You are viewing a plain text version of this content. The canonical link for it is here.
Posted to dev@lucene.apache.org by Doron Cohen <DO...@il.ibm.com> on 2007/05/11 20:22:17 UTC

IndexReader.isCurrent in presence of many files

If this really turns to be related to having many files in the index
dir, could we maintain SEGMENTS_N files in a sub-directory..?

Doron

-- Forward --
-- http://www.mail-archive.com/java-user@lucene.apache.org/msg14398.html

Chris Hostetter <ho...@fucit.org> wrote on 11/05/2007 11:02:50:

>
> : Are there are large number of files in your index directory?
>
> and is there any correlation between the number files matching segment*
> and the time isCurrent taks?
>
> it would also be handy to know what filesystem you use as well ...
> directory listings may be more expensive on some filesystems then others.
>
>
>
> -Hoss
>


---------------------------------------------------------------------
To unsubscribe, e-mail: java-dev-unsubscribe@lucene.apache.org
For additional commands, e-mail: java-dev-help@lucene.apache.org


Re: IndexReader.isCurrent in presence of many files

Posted by Yonik Seeley <yo...@apache.org>.
On 5/11/07, Doron Cohen <DO...@il.ibm.com> wrote:
> If this really turns to be related to having many files in the index
> dir, could we maintain SEGMENTS_N files in a sub-directory..?
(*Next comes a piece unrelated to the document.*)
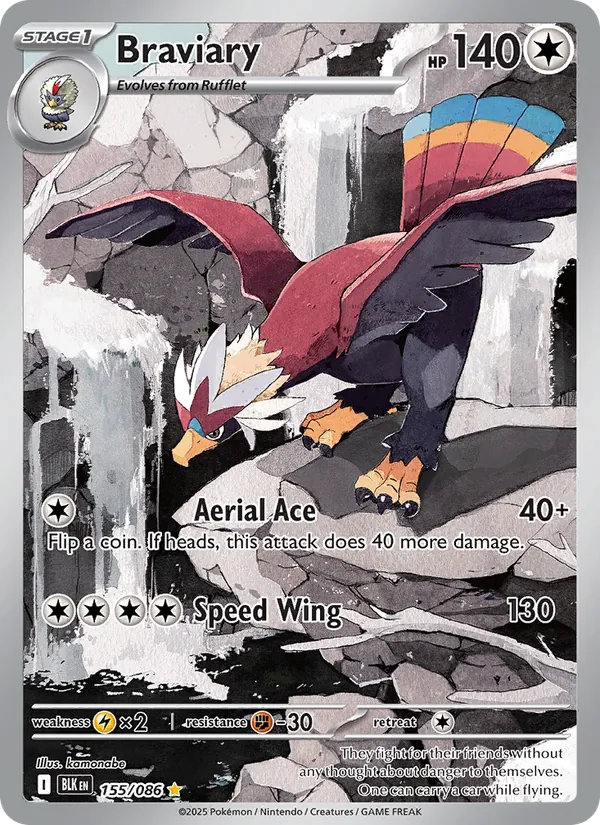 155 Braviary – Black Bolt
1) There might be slight incompatibilities with tools that assume a
lucene index is a bunch of files in the index directory.

2) I don't think we should bend over backward to speed up NFS
access... it's a *slow* way to distribute an index anyway.

-Yonik

---------------------------------------------------------------------
To unsubscribe, e-mail: java-dev-unsubscribe@lucene.apache.org
For additional commands, e-mail: java-dev-help@lucene.apache.org


Re: IndexReader.isCurrent in presence of many files

Posted by Doron Cohen <DO...@il.ibm.com>.
yseeley@gmail.com wrote on 11/05/2007 20:07:11:

> However, is there a way to portably stat a directory? That could lead
> to a fast-path if no new files were added.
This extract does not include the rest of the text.